While these concepts were being developed elsewhere, exploration activity within the Scotian Basin had come to a near standstill. In 1998, a new cycle of exploration began, focussed primarily on the continental slopes of eastern Canada in water depths ranging between 200 and 3500 m. In the Nova Scotian jurisdiction, for example, companies have committed $1.5 billion to explore 70,000 km2 of licensed holdings over the continental slope. Since 1998, several hundred thousand km of modern seismic reflection data have been acquired in the deep-water region which, not coincidentally, overlies the highest concentration of salt diapirs within the Scotian Basin.
The deep-water is truly a frontier region: only 11 exploratory wells have been drilled (compared with a total of 134 exploratory wells for the entire basin). So little is known about the geology that publicly available maps, like those published in 1990 by the Geological Survey of Canada, are highly conceptual or even blank for the deep-water region of the Scotian Basin. To fill the gaps, GSC-Atlantic researchers are interpreting 34,000 km of high quality seismic reflection data acquired during 1998/9 by a company named TGS-Nopec. These data allow, for the first time, an assessment of salt-sediment interaction in the basin using the modern insights gained elsewhere. As a result, five distinct zones have been defined beneath the deep-water region, among which there are significant differences in the morphology of the diapirs and the pattern of sedimentation. The differences are linked to regional variations in sediment flux to the basin through time and have important implications for oil and gas exploration. The growth history of individual diapirs also provides valuable clues that can help to unravel the constant interplay between regional subsidence or uplift and global fluctuations in sea level and climate throughout the evolution of the Scotian Basin. These insights will underpin future geological models of the nature and distribution of hydrocarbon reservoirs and seals in the deep-water region.
Interpretations produced by GSC-Atlantic researchers provide regional context for companies that focus on site-specific assessments of hydrocarbon potential within their licence holdings. The Minerals Management Service of the U.S. Department of the Interior is also using the latest GSC-Atlantic interpretations for their comparative basin studies and global resource assessments. Federal/provincial regulations, enacted through the Canada-Nova Scotia Offshore Petroleum Board, stipulate that the seismic data are confidential until 2008/9. However, through a research agreement signed in 2001 with the data owner (TGS-Nopec), GSC researchers have received permission to publish numerous aspects of their research.
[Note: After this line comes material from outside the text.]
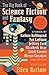 The Big Book of Science Fiction and Fantasy: Sixteen Great Works of Speculative Fiction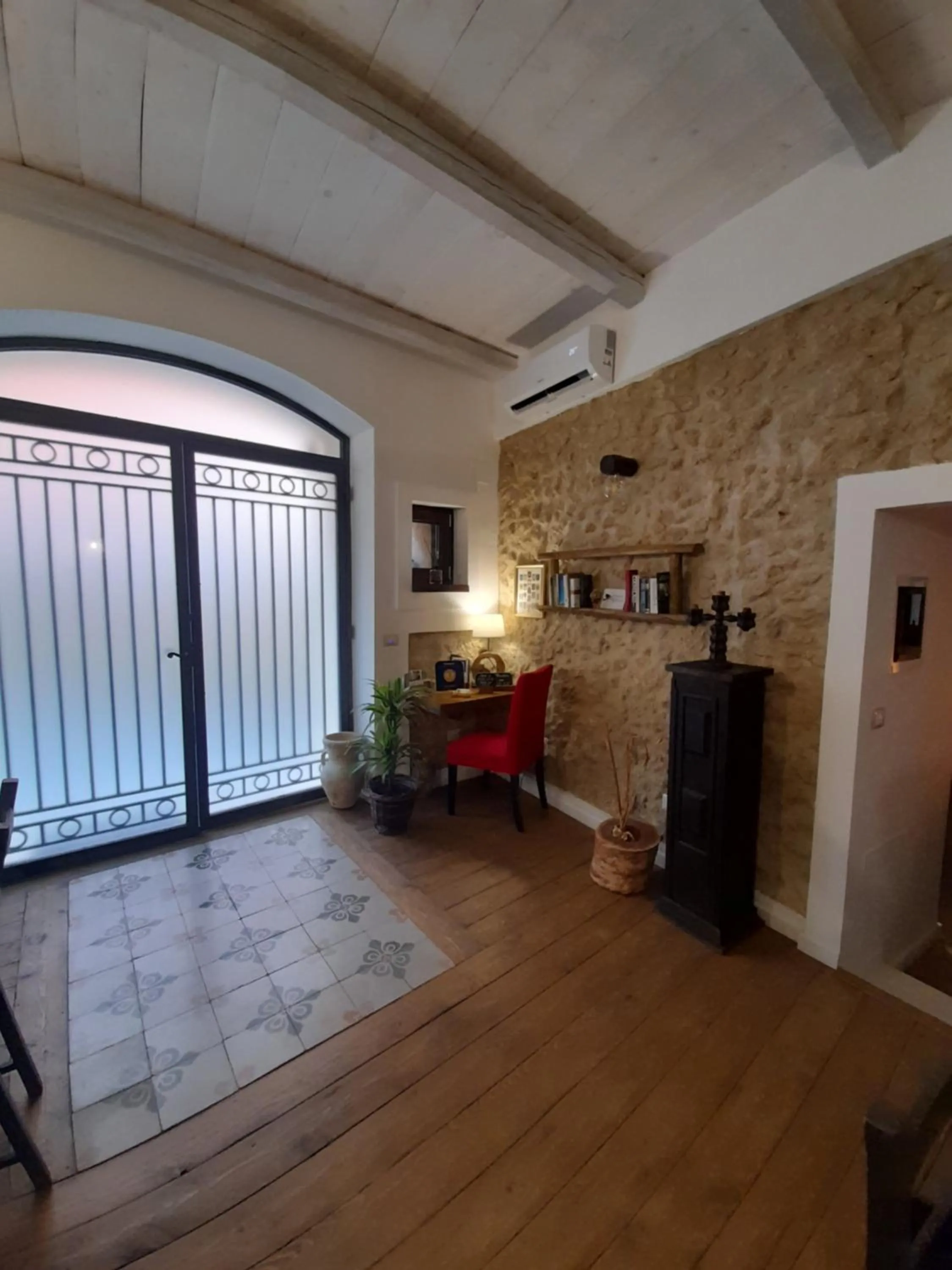 Antica Dimora Historic Building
Half a dozen oral and poster presentations have been given at various local, national, and international conferences, and a manuscript has been accepted for a special publication of the 24th annual Bob F. Perkins Research Conference of Salt-Sediment Interactions, to be held in Houston in December 2004. The data continue to be valuable for GSC projects on basin assessment, geo-hazards, and gas hydrates, and have helped to create important links with academic researchers.